Google I/O is a wrap! Catch up on TensorFlow sessions View sessions

Recommending movies: retrieval using a sequential model

View on TensorFlow.org Run in Google Colab View source on GitHub Download notebook

In this tutorial, we are going to build a sequential retrieval model. Sequential recommendation is a popular model that looks at a sequence of items that users have interacted with previously and then predicts the next item. Here the order of the items within each sequence matters, so we are going to use a recurrent neural network to model the sequential relationship. For more details, please refer to this GRU4Rec paper.

Imports

First let's get our dependencies and imports out of the way.

pip install -q tensorflow-recommenders
pip install -q --upgrade tensorflow-datasets
import os
import pprint
import tempfile

from typing import Dict, Text

import numpy as np
import tensorflow as tf
import tensorflow_datasets as tfds
import tensorflow_recommenders as tfrs

Preparing the dataset

Next, we need to prepare our dataset.
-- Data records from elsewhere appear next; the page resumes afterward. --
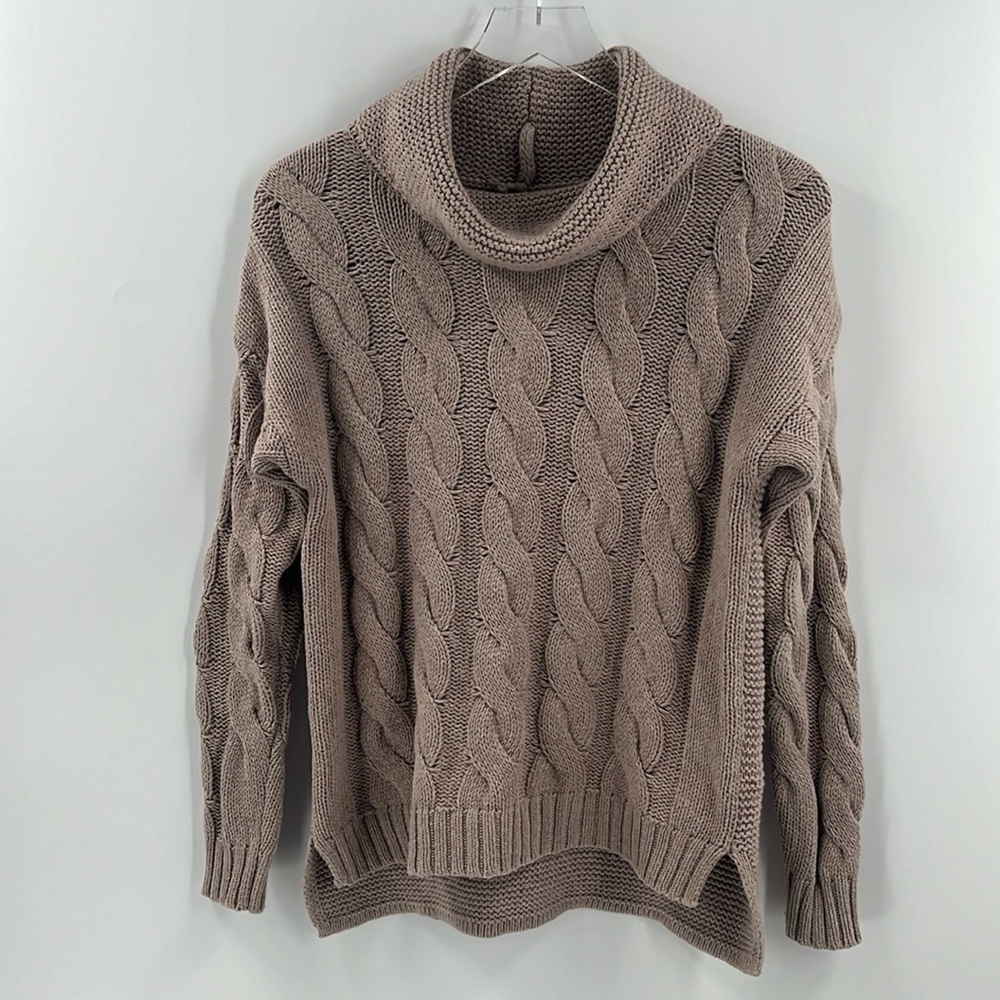Banana Republic Taupe Tan Cable Knit Turtleneck Long Sleeve Sweater Chunky XS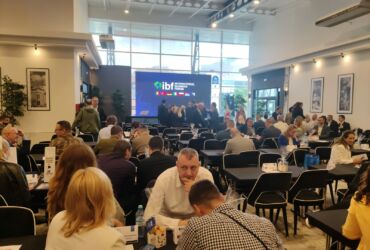 Międzynarodowe Forum Biznesowe w Timiszoarze, rozmowy przy stolikach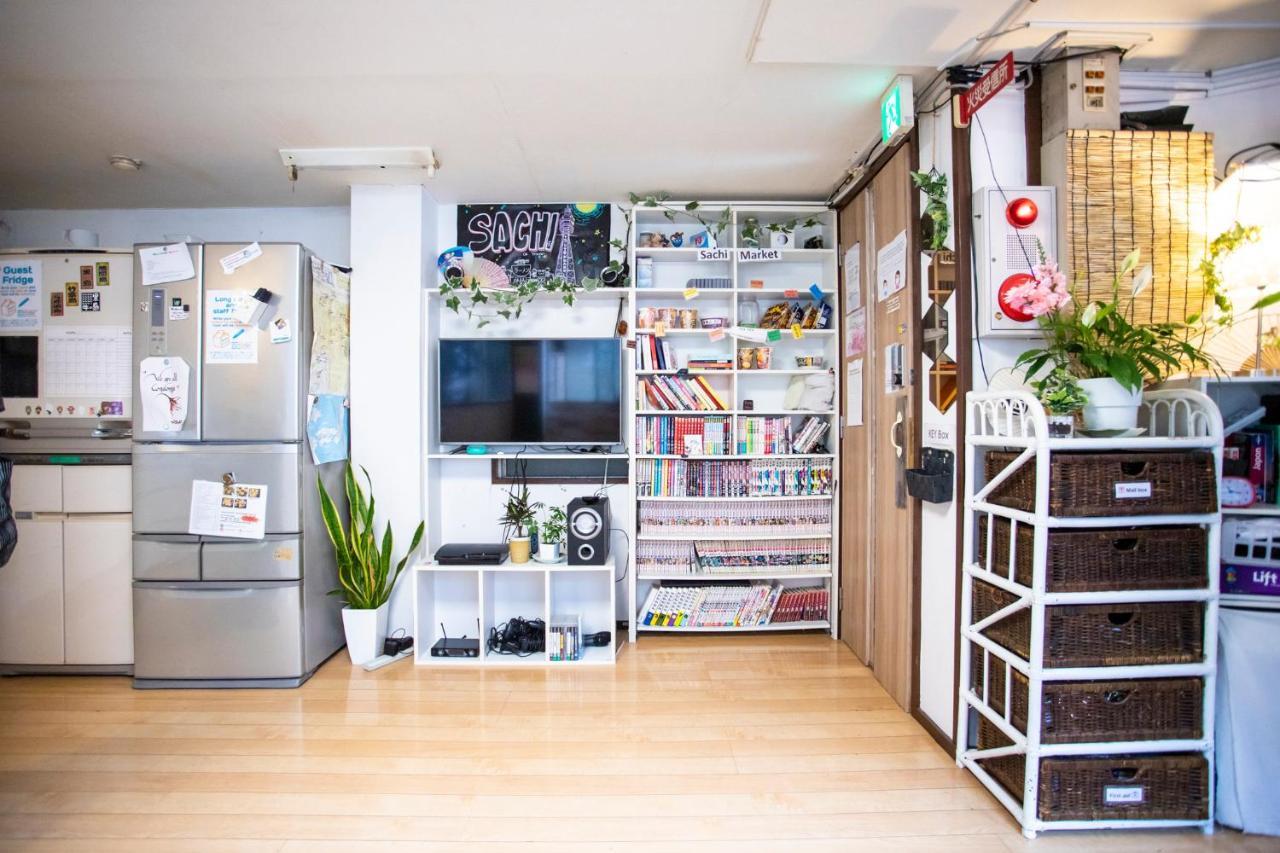 Peace House Sachi Hotel Osaka Bagian luar foto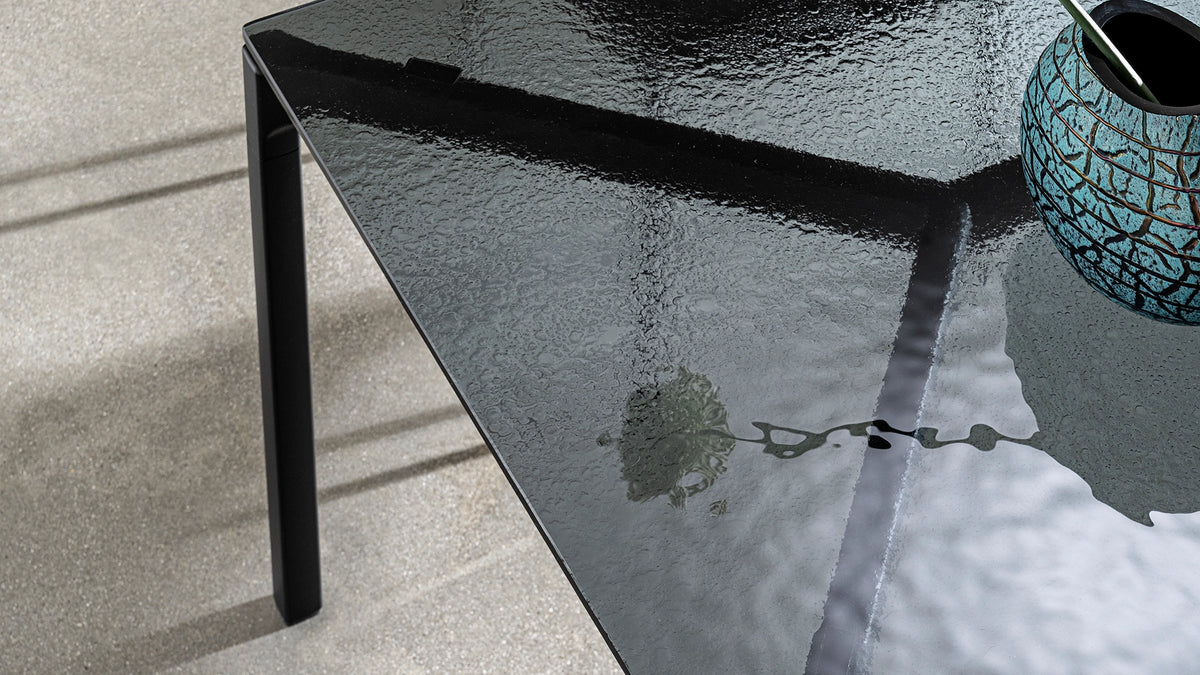 BONE - Table carrée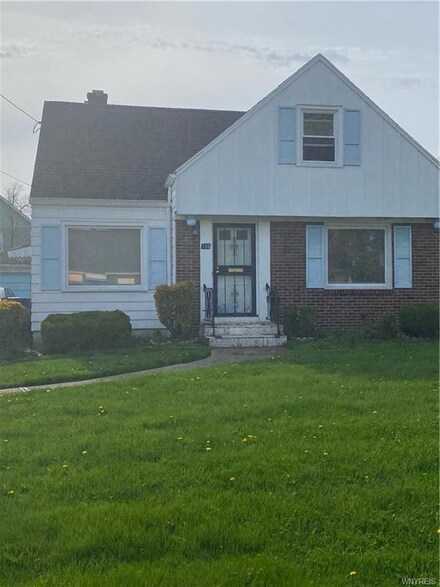 180 Cambridge Ave, Buffalo, NY 14215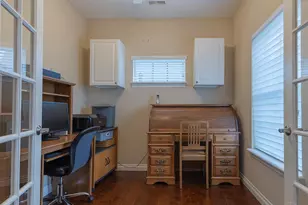 6845 Liberty Cir, Liberty Township, OH 45069 - Photo 4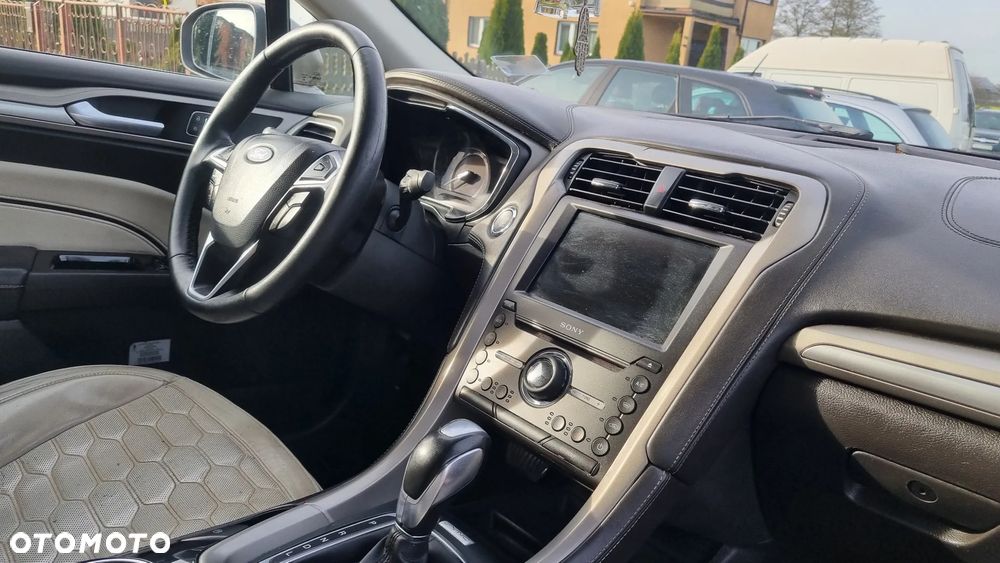 Ford Mondeo 2.0 Start-Stopp CVT Vignale - 27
We are going to leverage the data generation utility in this TensorFlow Lite On-device Recommendation reference app.

MovieLens 1M data contains ratings.dat (columns: UserID, MovieID, Rating, Timestamp), and movies.dat (columns: MovieID, Title, Genres). The example generation script download the 1M dataset, takes both files, only keep ratings higher than 2, form user movie interaction timelines, sample activities as labels and 10 previous user activities as the context for prediction.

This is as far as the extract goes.